Other Important Parameters
- Time limits → create urgency and protect investors (campaigns shouldn’t run indefinitely).
- Min buy / Max buy → ensure accessibility and fairness.
Whitelist
A whitelist lets you control who can participate in the sale. It protects investors and improves execution quality by gating access to verified wallets and staged cohorts.
- Eligibility & compliance: apply KYC/AML checks and jurisdiction filters before participation.
- Fair access: limit bots and scalpers, enforce per‑wallet caps, and allocate guaranteed spots.
- Staged participation: allow partners/VIPs first, then open for the broader community.
- Operational stability: smooth traffic spikes and reduce failed transactions for a better UX.
- Community building: reward early supporters and ambassadors with priority access.
Decentralization Principles
- Multisig for funds: route raised capital to a multisignature wallet (e.g., 2/3 or 3/5) for shared control and reduced key risk.
- Deterministic token receipt: define a clear formula so contributors know the exact tokens they receive.
tokensReceived = contributionAmount / tokenPrice if overflow_enabled: effectiveContribution = contributionAmount * (hardCap / totalContributions) tokensReceived = effectiveContribution / tokenPrice
- Auto-burn unsold tokens: after the sale, burn any remaining allocation to protect scarcity and price integrity.
- Auto-add liquidity: programmatically pair a portion of raised funds with tokens and add LP on a DEX, then optionally lock LP tokens.
Deploy the token first
Deploying the token contract before the sale increases transparency and reduces execution risk.
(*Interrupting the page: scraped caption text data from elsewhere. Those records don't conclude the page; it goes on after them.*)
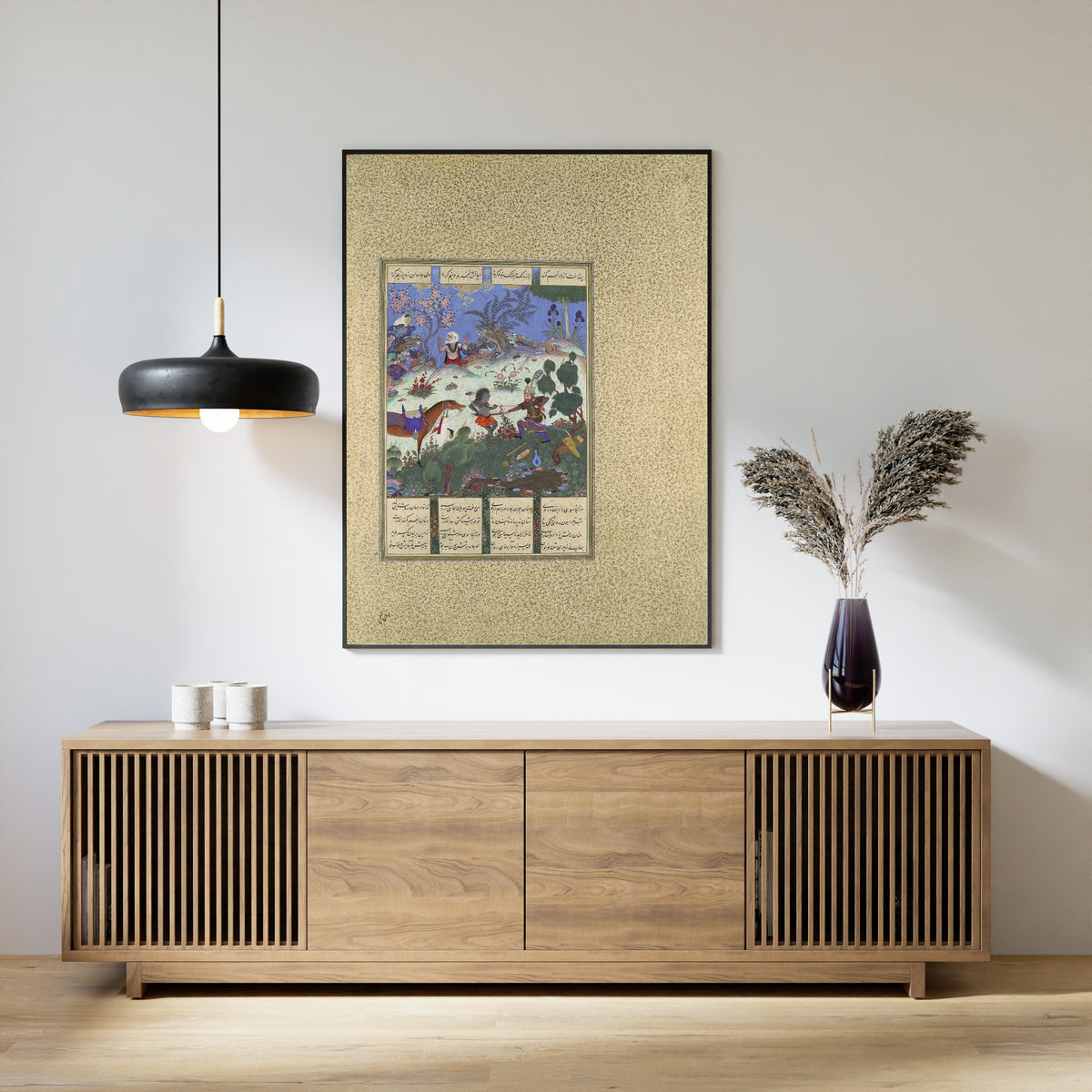 Framed art print of Shahnama of Shah Tahmasp: Rustam's Fourth Course, He Cleaves a Witch by Qadimi (attributed), above a slatted wood sideboard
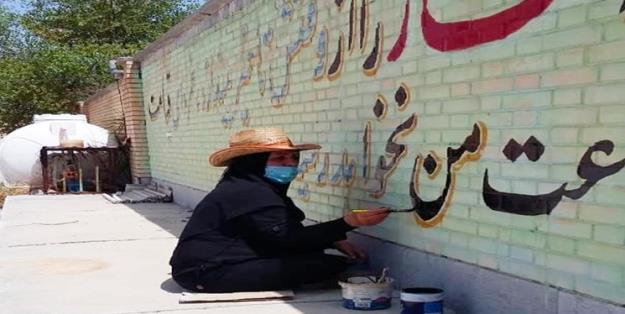 معلمی که در رودان جهاد مشق می کند+عکس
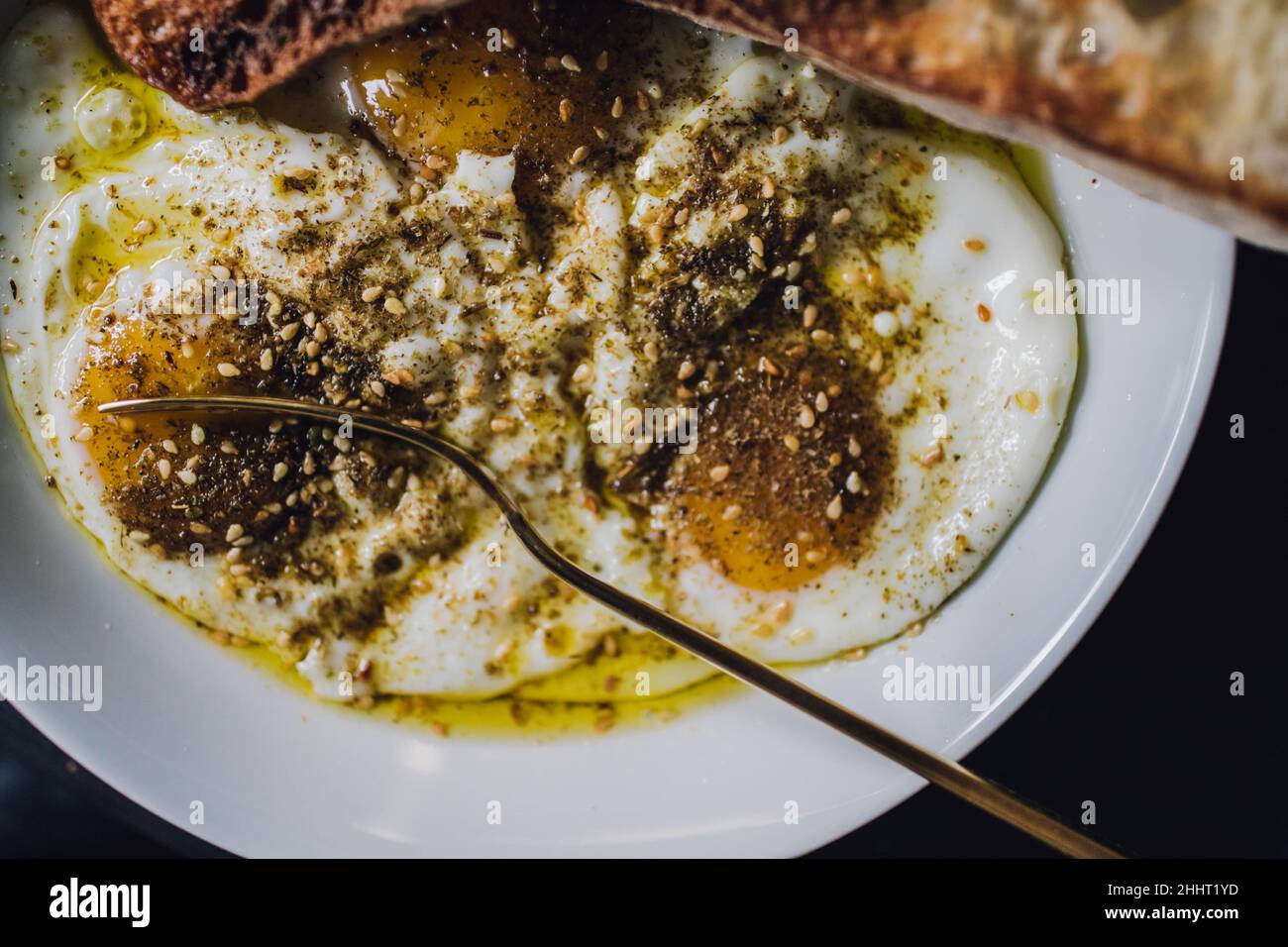 za'atar spiced middle eastern eggs with olive oil and toasted bread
It lets the community verify supply, ownership, and allocations on‑chain ahead of time.
- Transparency: publish the token address early so holders can inspect code, total supply, decimals, and admin roles (or renounced ownership where appropriate).
- Pre‑allocation: mint/allocate to verifiable wallets (team, treasury, LP, rewards) and disclose addresses publicly.
- Distribute & lock: set up vesting/timelock contracts to distribute investor tokens over time and lock team/treasury allocations.
- Operational readiness: prepare metadata, explorer verification, and DEX listing/LP plans prior to the sale.
- Risk reduction: avoid last‑minute contract changes and demonstrate good faith to the community.
Recommended Tokenomics for an IDO
- 10–15% → Public Sale
- 5–10% → Private Sale
- 20–30% → Liquidity & Rewards
- 20–25% → Team (with strict vesting)
- 20–30% → Treasury / Ecosystem Growth
Note: Distribution varies by project, but a balanced model avoids excessive centralization.
Common Mistakes I’ve Seen
- Lack of an audit‑ready smart contract → loss of trust.
- Unrealistic hard caps → looks like a scam or incompetence.
- Poor vesting design → immediate dump.
- Complicated UI/UX → investors abandon the flow.
- Low transparency on progress → community panic.